Unternehmen oder Unternehmensstiftungen werden tätig, um dem Neuen und Experimentellen Chancen zu geben, aber auch um niveauvolle Tradition zu erhalten und sie immer wieder in neuen Interpretationen verfügbar zu machen Was oberflächlich als Imagefaktor bezeichnet wird, wirkt langfristig nach außen und nach innen.

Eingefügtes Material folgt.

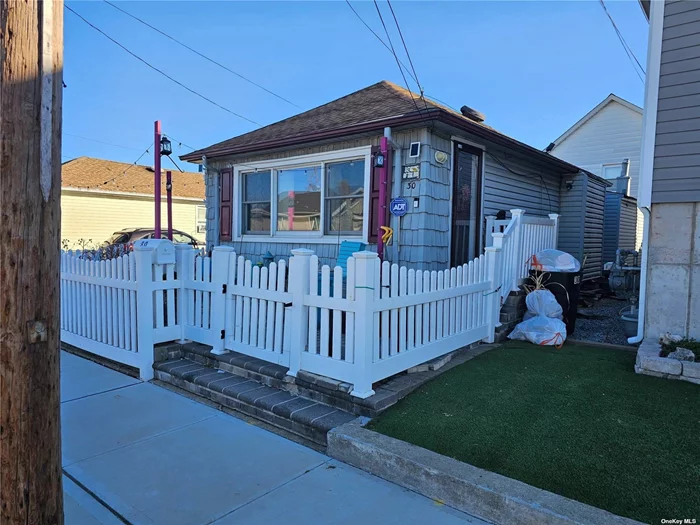 Excellent condition 2 bedroom, 1 full bath easy-living bungalow on quiet block in Inwood.  Flood insurance approximately $1200/yr and transferrable.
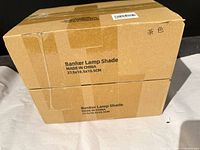 Two cardboard boxes labeled "Banker Lamp Shade" with dimensions and country of origin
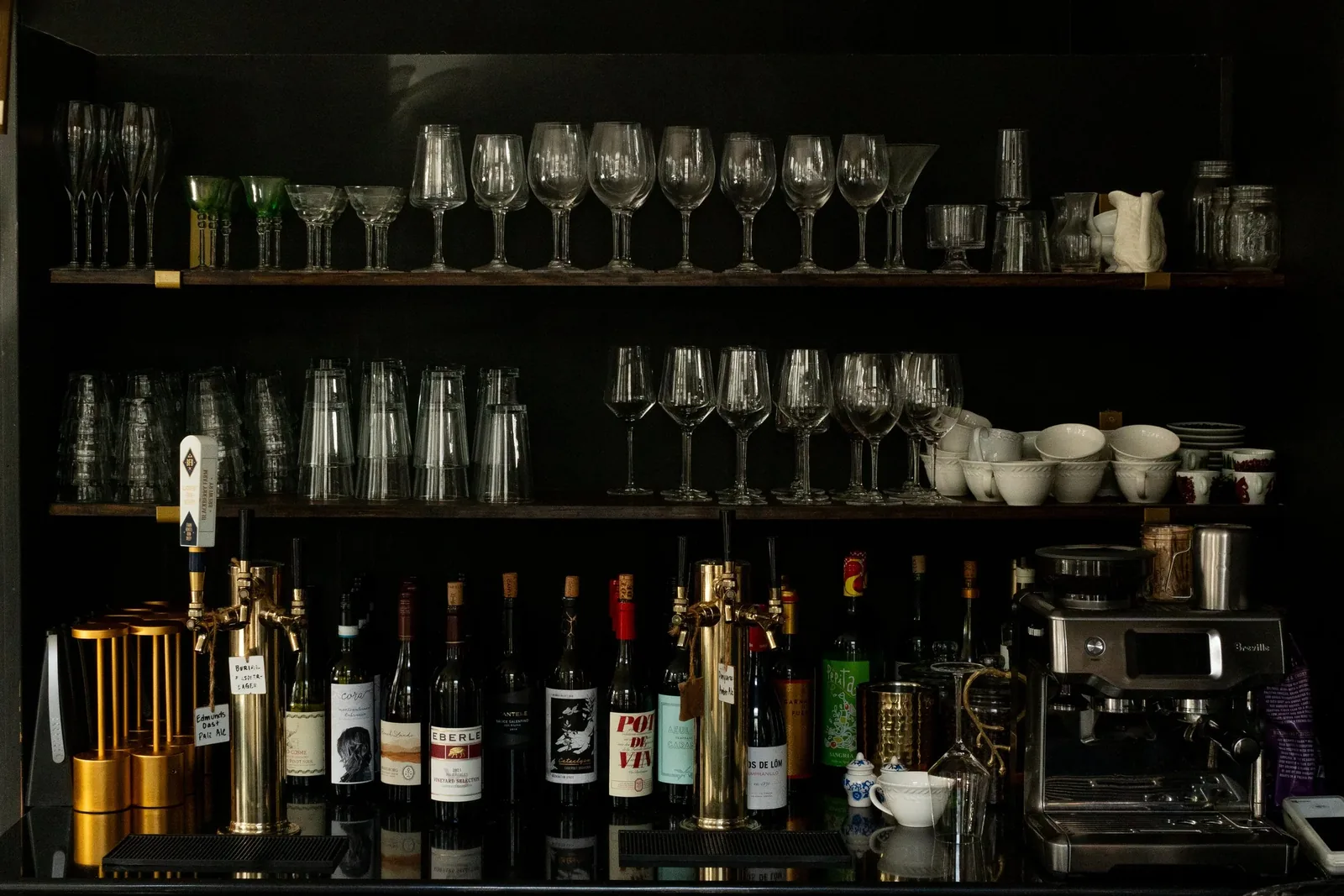 Glassware and bottles ranked along the dark shelves behind the bar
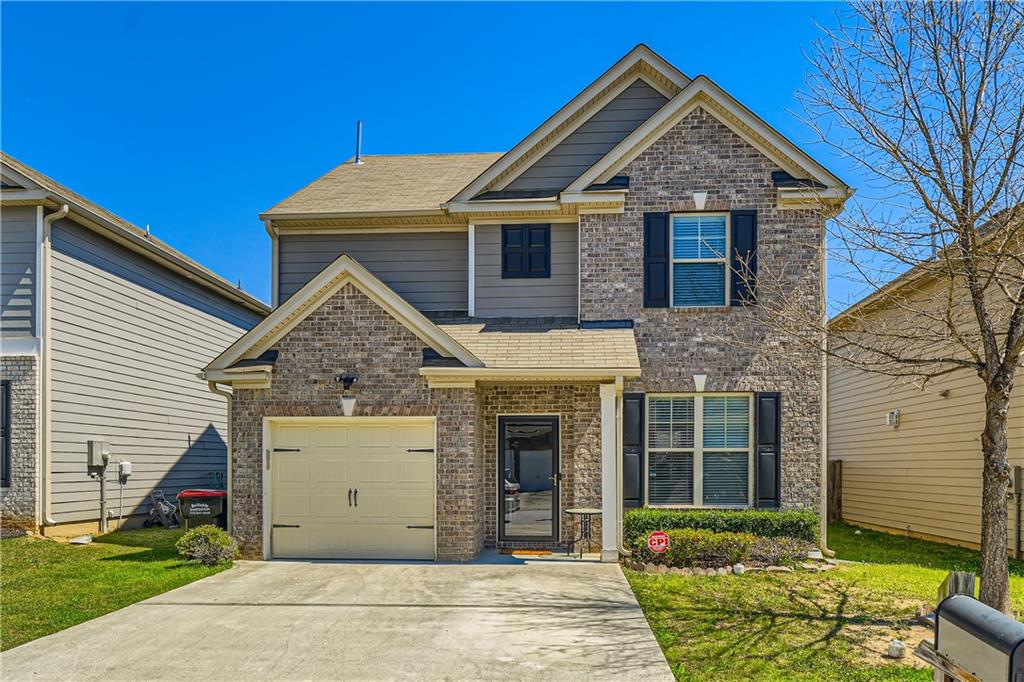 5883 Little River Road Atlanta, GA 30349 - Photo 1 of 1 a view of a house with a small yard and a large tree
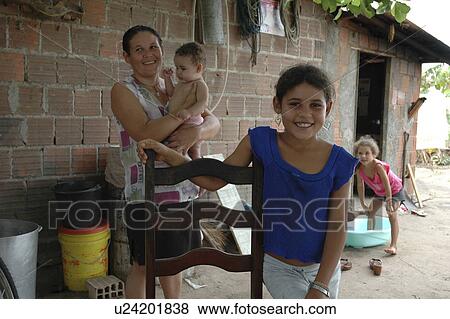 Stock Photo - home, people, children, person, house, woman. Fotosearch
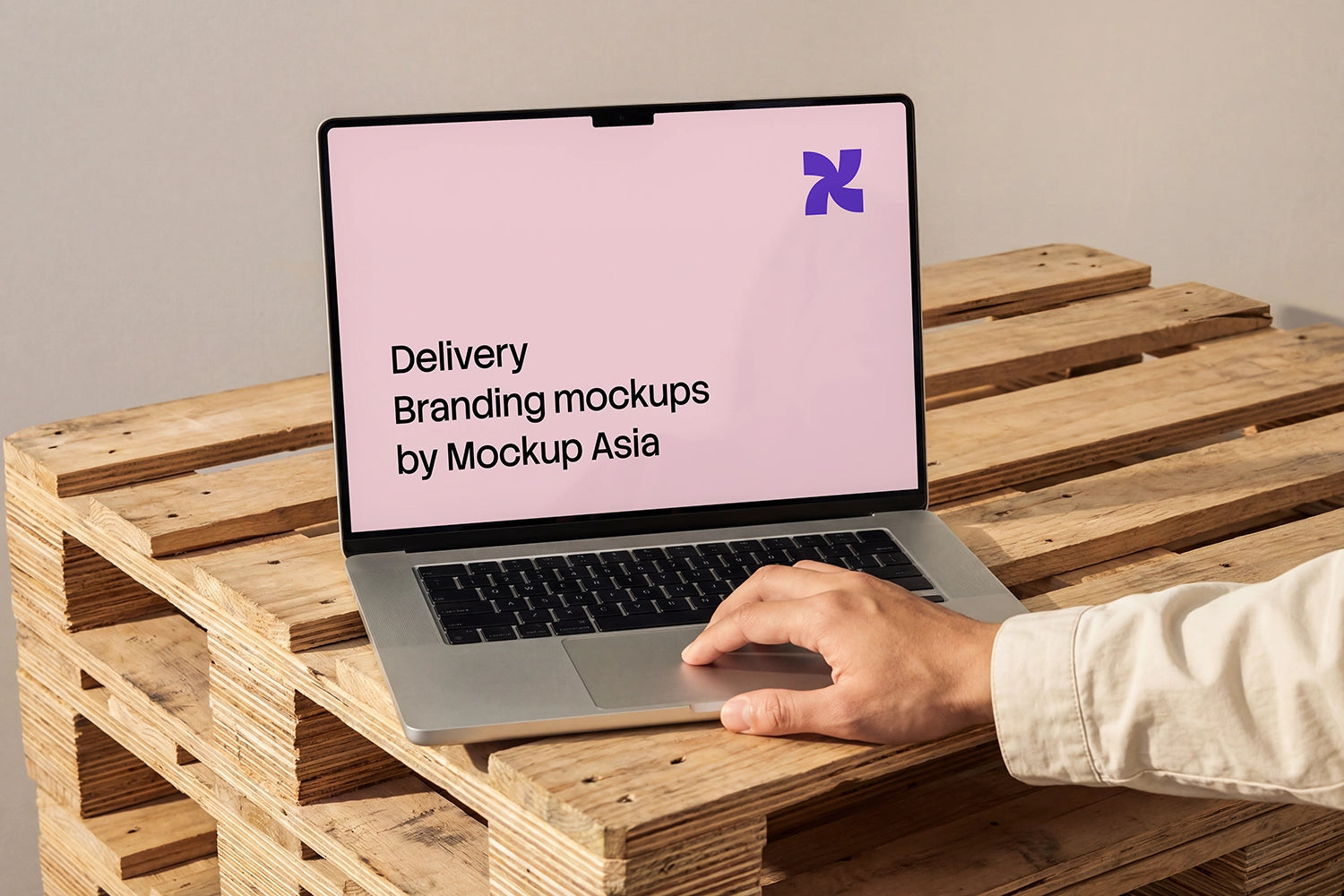 Laptop mockup on pallet desk with natural hand on trackpad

Letztlich sind heute Wirtschaft und Kunst auch nicht mehr die getrennten Welten: hier das Nützliche, dort das Unnütze. Auch die Wirtschaft benötigt die künstlerische Innovation für die Güter, die dem modernen Lebensgefühl entsprechen sollen, sie benötigt kulturelle Kompetenz für die internen kommunikativen Prozesse und sie benötigt Bildung zur Ausformung von Persönlichkeiten.

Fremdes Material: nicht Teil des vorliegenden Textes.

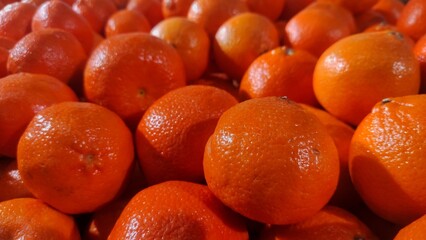 A close-up of fresh, vibrant oranges piled together, their bright skin glistening under the light, evoking a sense of freshness and natural sweetness.
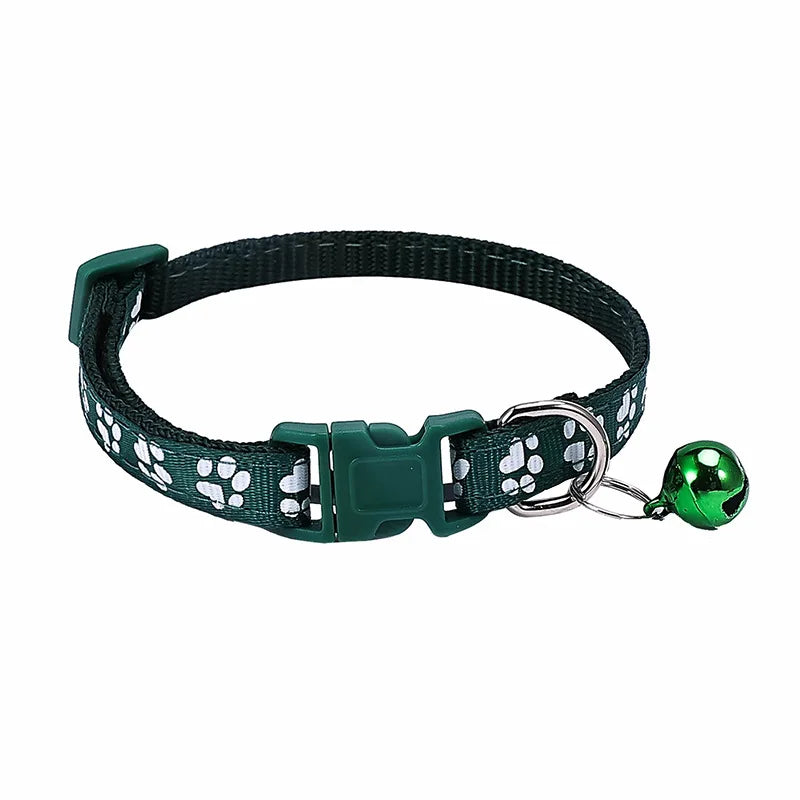 Colorful PawGuard™ pet collar with bell, featuring cartoon footprints, adjustable design for dogs and cats.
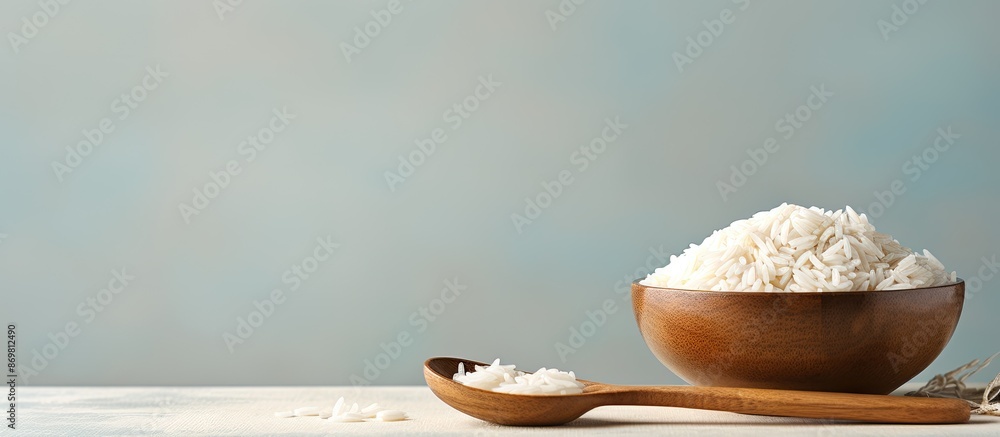 Poster a white bowl holds raw basmati rice with a wooden spoon on a light background, symbolizing water con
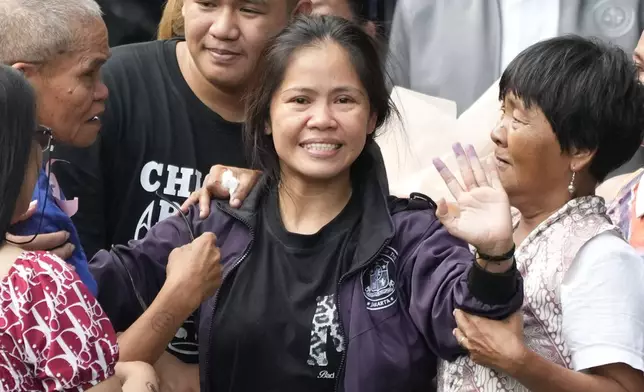 Mary Jane Veloso, center, a Filipino woman who spent almost 15 years in an Indonesian prison for drug trafficking and was nearly executed by firing squad in 2015, waves as she is reunited with her family at the Correctional Institution for Women in Mandaluyong, Philippines on Wednesday, Dec. 18, 2024. (AP Photo/Aaron Favila)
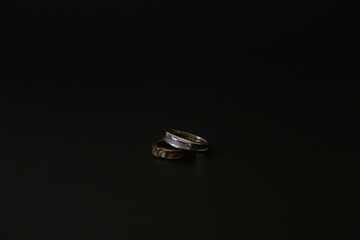 A stunning gold and silver wedding ring set against a black background, highlighting elegance and...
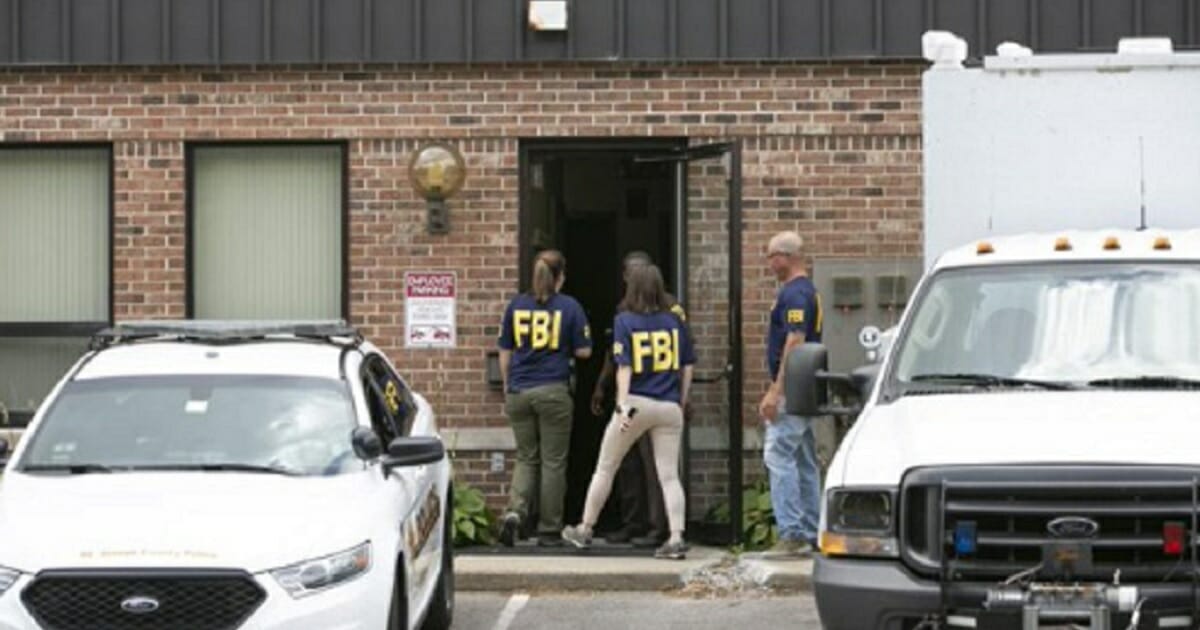 FBI agents on the scene of a raid in South Bend, Indiana.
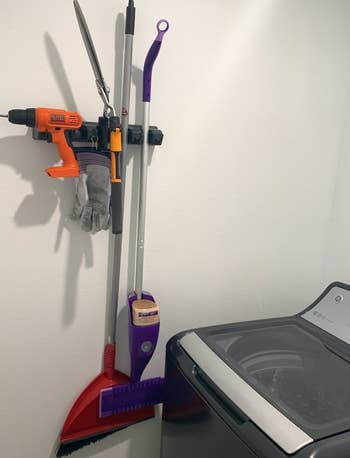 Reviewer photo showing the organizer with a broom, Swiffer, and even a drill attached to it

Eine wirkliche Motivation, eine Aufbruchstimmung, eine Übernahme von Verantwortung wird es langfristig nur dann geben, wenn auch eine Wertschätzung für Bildung in der Gesellschaft vorhanden ist. Dann bestehen auch ein vitales öffentliches Interesse und eine persönliche Bereitschaft. Kultur und Bildung sind ein Begriffpaar, sie bedingen einander. „Kultur braucht Wissen, braucht Geschichte und Tradition.“ Nur wenn wir in die kulturelle Bildung investieren, schaffen wir die entscheidenden Voraussetzungen für soziale Kompetenz, für die nötige Offenheit, Neues zu denken, für Inspiration.
Das Engagement zur philantropischen Verpflichtung muss also früh beginnen, um dauerhaft erfolgreich zu sein, nämlich bereits bei der Herausbildung von Menschen, die Kunst und Kultur als essentiellen Teil ihres Lebens empfinden und nicht erst bei Projekten und Fördermaßnahme.

Der Staat und die Gesellschaft sollten geeignete Rahmenbedingungen schaffen, die Privatinitiativen unterstützen. Vieles wäre unterblieben, würde die private Förderung oder gemeinsame Finanzierungsmodelle nicht existieren.

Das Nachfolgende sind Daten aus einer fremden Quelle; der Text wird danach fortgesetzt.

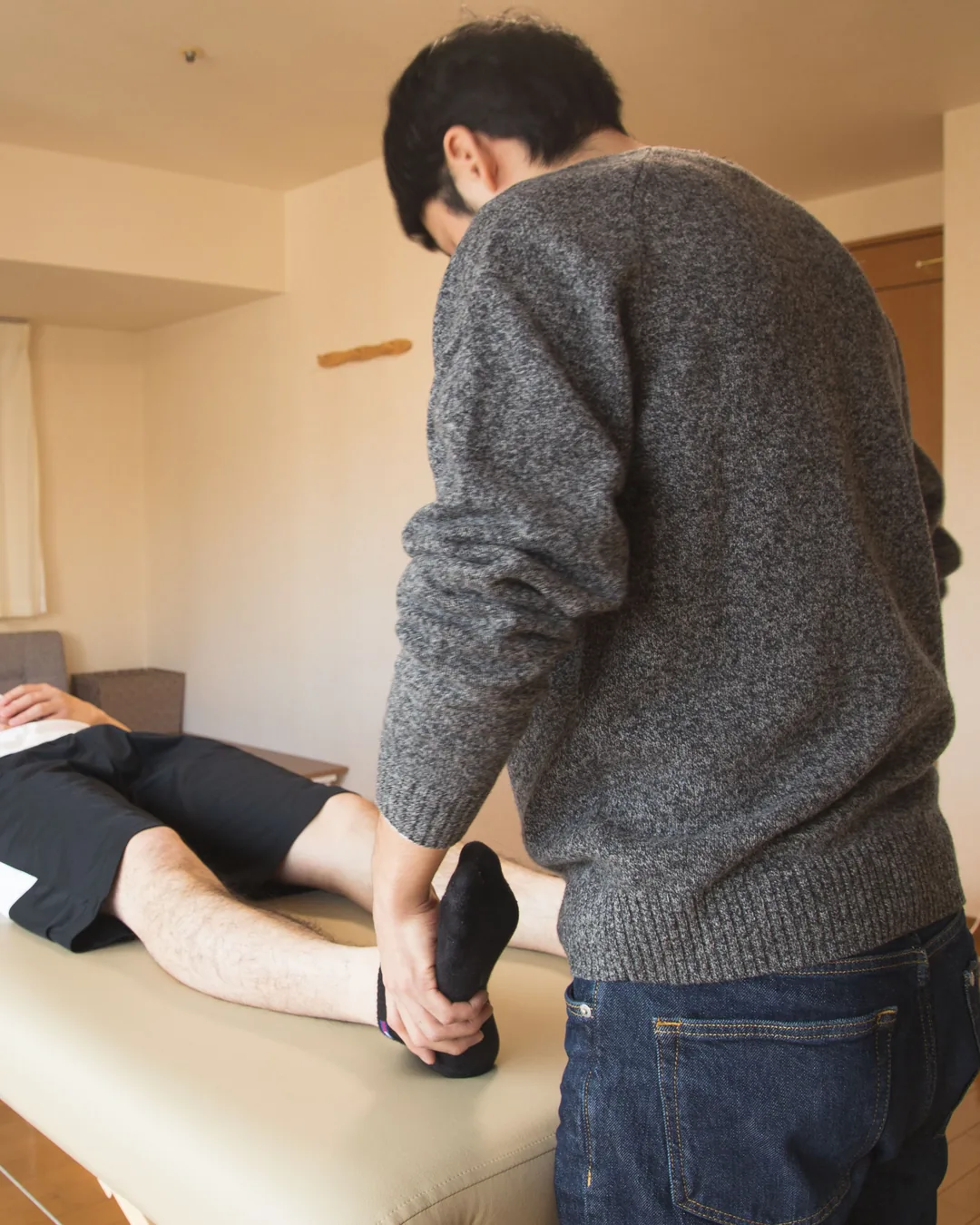 Un praticien mobilise la jambe d'une personne allongée sur une table de massage, dans une pièce à vivre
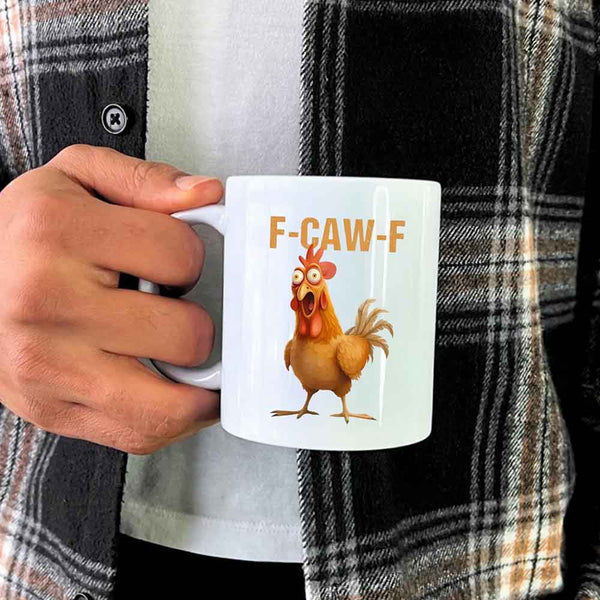 Person holding a mug with a cartoon chicken and 'F-CAW-F' text, wearing a plaid shirt.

Die Flexibilität, das Experiment, das Ungewohnte, das Risiko, das die Kunst so nötig braucht, das ist im mäzenatischen Bereich oder im private-public-partnership-Modell nicht schlecht aufgehoben. Die staatlichen Institutionen der Kultur benötigen auch die Anregung und die Initiative von außen. So ist die Wirkung der privaten Kulturförderung weit höher zu veranschlagen, als es ein bloßer Vergleich der jeweils aufgebrachten Mittel vermuten lässt.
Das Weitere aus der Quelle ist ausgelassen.